Hearing the men start moving in the darkness, Maximilian turned from the demolition tunnel and began joggi
ng down the long, narrow corridor. His head came close to hitting the rock ceiling as he ran. The tunnel was lined with limestone bricks on both sides. A plastic guard on the upper left wall ran the length of the tunnel, protecting cables for the wiring of the lights (which were turned off after tour hours), the emergency call boxes and speakers, of which there were perhaps a dozen, and the air conditioning system, which had been installed to help generate air flow in the catacombs after they were sealed off from the rest of the tunnel system in the 1990s.
Some dust was still in the air, but they had moved far enough from the blast zone that it was only barely noticeable. The rock path’s surface was smooth from the traffic of a quarter-million tourists each year. The occasional plastic information plaques fixed to the walls gleamed like ice as his headlamp caught them in the darkness.
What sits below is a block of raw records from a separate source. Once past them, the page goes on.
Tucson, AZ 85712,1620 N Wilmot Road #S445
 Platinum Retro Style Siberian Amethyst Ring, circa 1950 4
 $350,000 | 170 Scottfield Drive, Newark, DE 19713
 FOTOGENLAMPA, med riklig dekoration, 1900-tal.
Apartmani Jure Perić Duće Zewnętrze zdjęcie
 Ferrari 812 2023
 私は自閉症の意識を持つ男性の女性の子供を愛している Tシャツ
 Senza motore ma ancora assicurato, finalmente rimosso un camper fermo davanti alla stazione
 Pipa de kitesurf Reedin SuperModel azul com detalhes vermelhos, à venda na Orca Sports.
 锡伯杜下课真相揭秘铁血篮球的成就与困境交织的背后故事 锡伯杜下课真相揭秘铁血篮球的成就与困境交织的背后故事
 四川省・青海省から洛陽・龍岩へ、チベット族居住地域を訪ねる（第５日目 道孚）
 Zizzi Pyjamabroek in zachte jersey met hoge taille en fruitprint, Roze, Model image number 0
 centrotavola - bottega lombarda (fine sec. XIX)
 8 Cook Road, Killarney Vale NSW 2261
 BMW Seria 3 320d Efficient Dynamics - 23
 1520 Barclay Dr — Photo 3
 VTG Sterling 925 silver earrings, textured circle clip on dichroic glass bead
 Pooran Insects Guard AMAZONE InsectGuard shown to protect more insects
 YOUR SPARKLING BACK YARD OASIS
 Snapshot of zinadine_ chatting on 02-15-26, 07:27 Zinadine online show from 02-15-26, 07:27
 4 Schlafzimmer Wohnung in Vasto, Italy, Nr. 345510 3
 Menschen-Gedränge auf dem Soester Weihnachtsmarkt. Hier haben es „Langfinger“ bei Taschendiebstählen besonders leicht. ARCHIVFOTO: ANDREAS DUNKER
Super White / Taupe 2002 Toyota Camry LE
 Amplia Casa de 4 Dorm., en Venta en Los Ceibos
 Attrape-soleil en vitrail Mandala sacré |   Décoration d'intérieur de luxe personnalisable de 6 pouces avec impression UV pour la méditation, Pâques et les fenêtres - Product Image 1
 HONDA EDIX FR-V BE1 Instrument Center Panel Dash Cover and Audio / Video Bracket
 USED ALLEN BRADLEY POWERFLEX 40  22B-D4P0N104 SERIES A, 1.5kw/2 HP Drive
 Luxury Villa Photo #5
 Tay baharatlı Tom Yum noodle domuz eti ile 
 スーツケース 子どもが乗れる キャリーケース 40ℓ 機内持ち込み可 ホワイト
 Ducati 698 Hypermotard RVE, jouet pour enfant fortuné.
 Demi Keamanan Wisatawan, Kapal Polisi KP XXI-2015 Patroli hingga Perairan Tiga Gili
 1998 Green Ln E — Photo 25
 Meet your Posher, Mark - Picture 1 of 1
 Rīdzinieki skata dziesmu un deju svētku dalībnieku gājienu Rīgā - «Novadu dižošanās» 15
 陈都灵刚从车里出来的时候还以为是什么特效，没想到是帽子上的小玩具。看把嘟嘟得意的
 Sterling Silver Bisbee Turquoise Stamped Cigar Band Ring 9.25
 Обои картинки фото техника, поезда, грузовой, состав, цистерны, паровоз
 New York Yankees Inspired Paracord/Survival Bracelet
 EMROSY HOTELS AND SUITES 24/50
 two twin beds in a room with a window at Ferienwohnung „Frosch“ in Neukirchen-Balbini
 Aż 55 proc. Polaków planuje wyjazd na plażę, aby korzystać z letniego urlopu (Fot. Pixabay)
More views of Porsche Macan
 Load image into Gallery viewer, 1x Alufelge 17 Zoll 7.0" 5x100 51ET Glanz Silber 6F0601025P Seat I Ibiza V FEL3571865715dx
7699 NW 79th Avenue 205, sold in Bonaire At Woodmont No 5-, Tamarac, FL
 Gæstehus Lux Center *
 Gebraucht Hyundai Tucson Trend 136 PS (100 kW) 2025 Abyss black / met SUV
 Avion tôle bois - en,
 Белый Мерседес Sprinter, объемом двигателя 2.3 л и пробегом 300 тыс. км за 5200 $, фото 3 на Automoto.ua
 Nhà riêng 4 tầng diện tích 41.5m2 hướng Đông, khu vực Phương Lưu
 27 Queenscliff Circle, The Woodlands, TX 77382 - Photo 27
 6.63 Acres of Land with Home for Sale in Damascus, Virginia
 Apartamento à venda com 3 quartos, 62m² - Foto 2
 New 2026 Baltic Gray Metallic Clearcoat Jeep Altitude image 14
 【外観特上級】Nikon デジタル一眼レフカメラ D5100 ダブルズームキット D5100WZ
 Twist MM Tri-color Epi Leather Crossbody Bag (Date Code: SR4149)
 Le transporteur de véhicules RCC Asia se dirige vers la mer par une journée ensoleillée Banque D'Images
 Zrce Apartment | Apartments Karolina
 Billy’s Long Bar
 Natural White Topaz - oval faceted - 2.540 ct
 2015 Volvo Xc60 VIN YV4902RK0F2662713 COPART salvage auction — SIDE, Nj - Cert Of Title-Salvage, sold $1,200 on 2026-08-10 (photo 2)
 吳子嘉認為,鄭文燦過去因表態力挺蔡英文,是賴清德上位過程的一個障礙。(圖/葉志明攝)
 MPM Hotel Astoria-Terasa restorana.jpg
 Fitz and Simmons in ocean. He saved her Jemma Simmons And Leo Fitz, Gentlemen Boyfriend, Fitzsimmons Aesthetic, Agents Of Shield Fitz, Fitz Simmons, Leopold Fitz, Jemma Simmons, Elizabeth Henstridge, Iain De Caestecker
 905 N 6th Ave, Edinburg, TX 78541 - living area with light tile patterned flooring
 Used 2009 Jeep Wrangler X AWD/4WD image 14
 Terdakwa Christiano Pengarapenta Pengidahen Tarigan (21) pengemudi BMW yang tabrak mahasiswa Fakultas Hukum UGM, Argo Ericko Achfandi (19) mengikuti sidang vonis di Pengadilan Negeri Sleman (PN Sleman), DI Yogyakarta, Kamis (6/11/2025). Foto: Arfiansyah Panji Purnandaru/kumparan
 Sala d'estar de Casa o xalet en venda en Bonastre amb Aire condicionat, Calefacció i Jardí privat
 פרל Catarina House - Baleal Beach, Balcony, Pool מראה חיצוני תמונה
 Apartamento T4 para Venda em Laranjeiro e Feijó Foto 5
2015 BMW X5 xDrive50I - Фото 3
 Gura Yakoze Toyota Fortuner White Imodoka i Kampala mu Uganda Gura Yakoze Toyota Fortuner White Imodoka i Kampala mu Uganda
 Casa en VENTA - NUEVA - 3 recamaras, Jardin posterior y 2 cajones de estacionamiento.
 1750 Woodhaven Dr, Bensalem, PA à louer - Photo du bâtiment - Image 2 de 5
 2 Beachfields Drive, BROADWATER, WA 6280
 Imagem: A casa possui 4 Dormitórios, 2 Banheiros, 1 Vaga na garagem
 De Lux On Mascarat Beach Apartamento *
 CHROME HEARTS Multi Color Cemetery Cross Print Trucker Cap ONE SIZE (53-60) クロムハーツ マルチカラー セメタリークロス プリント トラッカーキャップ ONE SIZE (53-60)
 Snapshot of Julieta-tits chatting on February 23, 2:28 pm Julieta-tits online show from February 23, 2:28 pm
He jogged for over a minute in a mostly straight path, taking only a few turns in the single tunnel before reaching the Atelier—a “turned pillar” wider than a car, made up of a solid uncut mass of limestone, which the original quarry inspection unit had cut around. Left there three centuries ago to help prop the ceiling up, it looked like a giant redwood trunk that axmen had hewn at from all sides before giving up. He ran past on the right.
After another hundred meters, the walls turned from limestone brick to rough-cut solid limestone that looked like stucco in his light.
As he ran through winding catacombs, any sense of time and distance fell away. He felt like a modern Theseus in a labyrinth created centuries ago and now kept by the dead. It was like no earthly place, as if, at any moment, he might stumble onto a secret gateway to hell.
An iron gate blocking another tunnel forced him to the left. The path became even narrower, and he worried that it would slow the men carrying the equipment. The tunnel was really curving left and right now. The dead could not be far away.